Assignment: Write out the listing below in full and exactly, leaving out every picture.

Provided material:
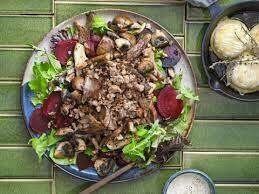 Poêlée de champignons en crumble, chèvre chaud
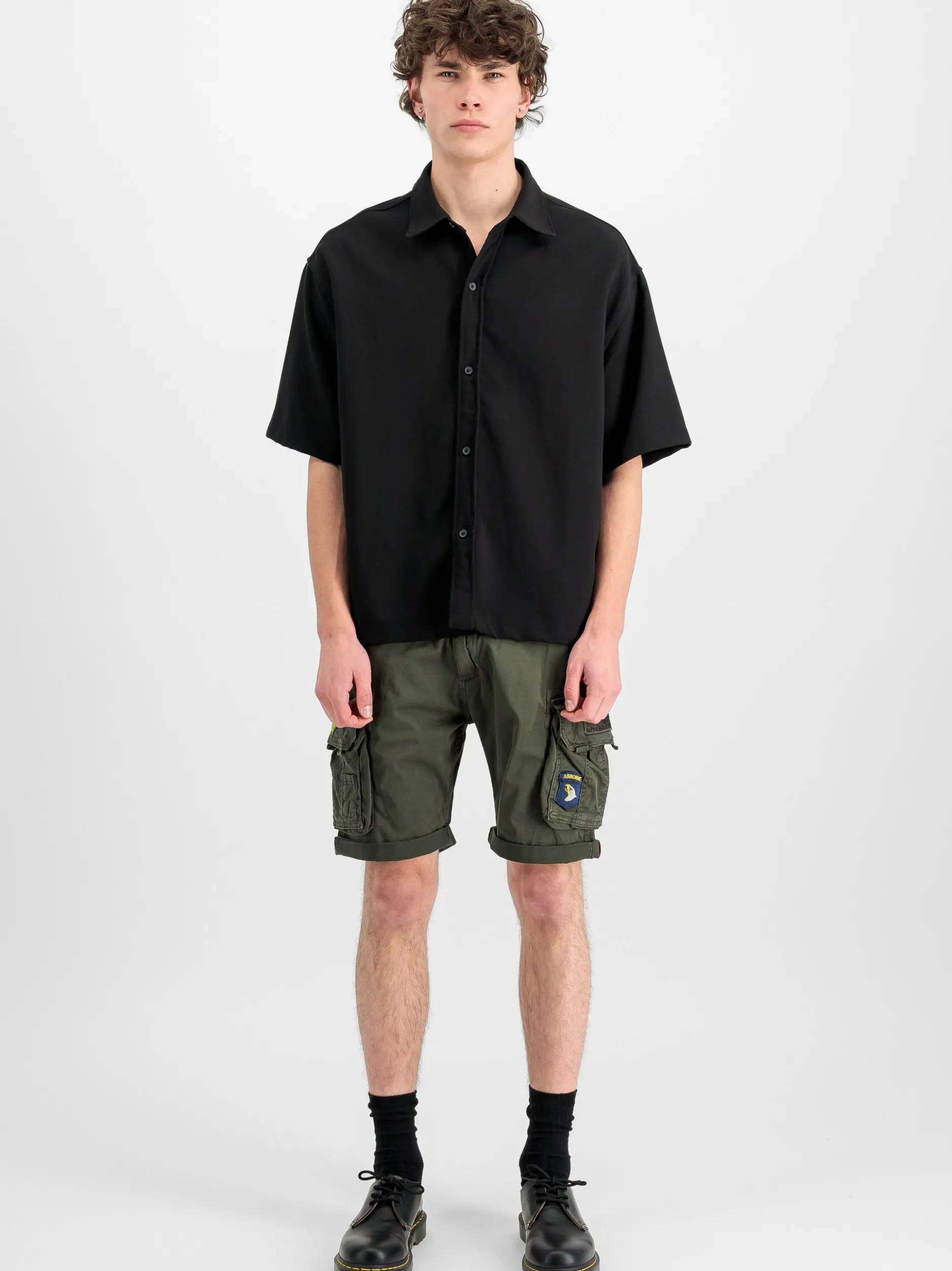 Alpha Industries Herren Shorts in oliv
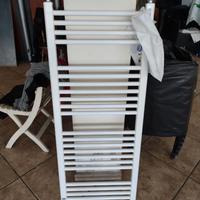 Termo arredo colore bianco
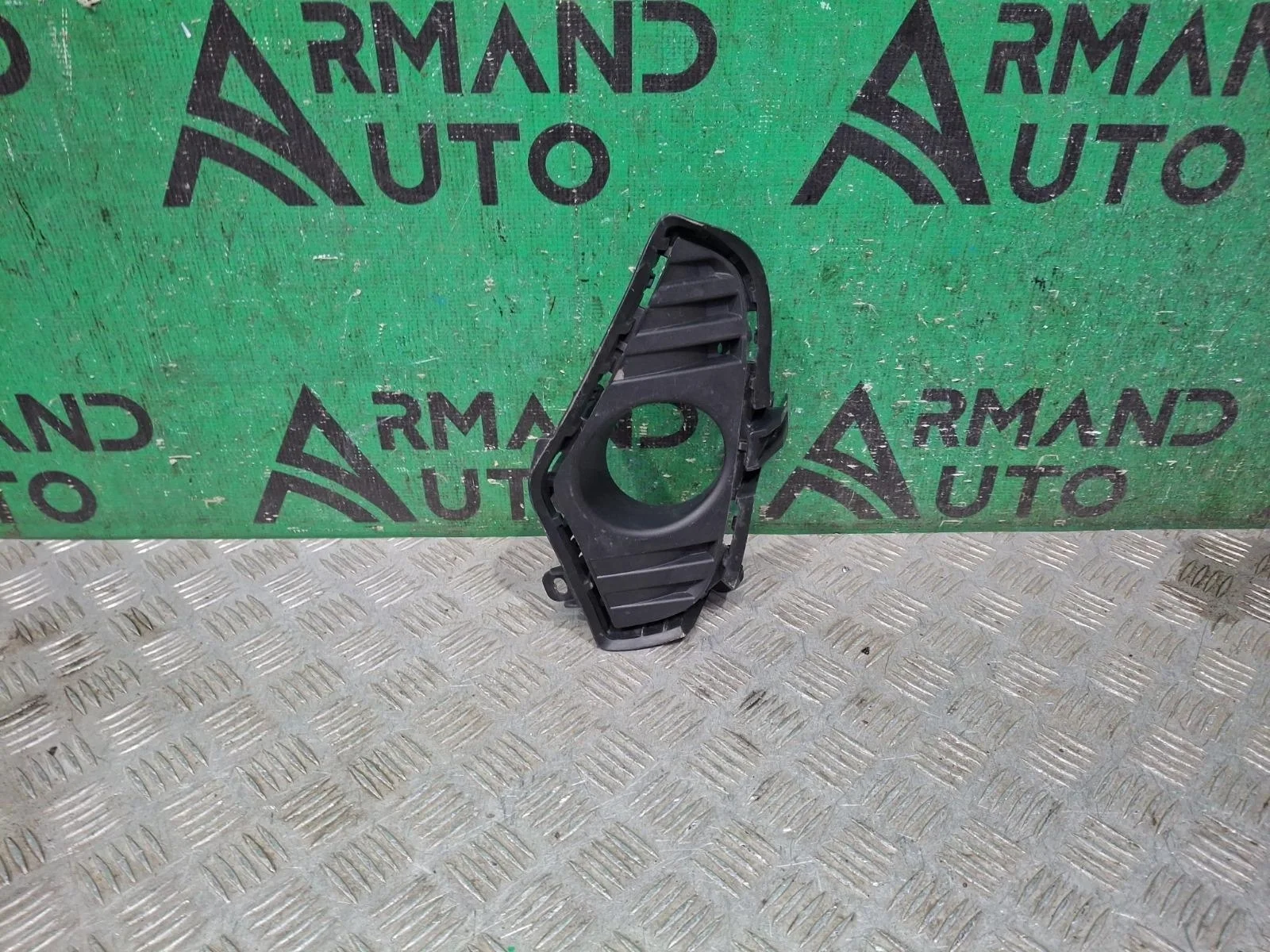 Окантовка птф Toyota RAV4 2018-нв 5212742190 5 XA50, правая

Result for this exercise:
 Poêlée de champignons en crumble, chèvre chaud
 Alpha Industries Herren Shorts in oliv
 Termo arredo colore bianco
 Окантовка птф Toyota RAV4 2018-нв 5212742190 5 XA50, правая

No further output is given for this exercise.